The Church needs saints. If we want to help the Church, if we want Christ to reign in His Church, first of all and above all, we must allow him to reign over ourselves.
Even more, I would say that we are wrong when we become scandalized when members of the Church act as sons and daughters of Adam and Eve. Why are we scandalized when members of the Church act as common people act? Can you think of a politician that governs without corruption? Can you find a holy politician nowadays? And yet, the Church has canonized three recent popes: St. John Paul II, Saint Paul VI and his predecessor St. John XXIII.

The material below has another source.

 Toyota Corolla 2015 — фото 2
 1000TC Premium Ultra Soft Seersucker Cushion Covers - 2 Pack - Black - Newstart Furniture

What should our reaction be? What does the Church need? Does the church need scandalized people? Does the Church need gossiping members? Absolutely not. The Church needs saints. If we want to help the Church, if we want Christ to reign in His Church, first of all and above all, we must allow Him to reign over ourselves. That is our mission. That is our own tiny contribution for Him to reign.
Excerpt from a homily given on November 22nd, 2020, Feast of Christ the King.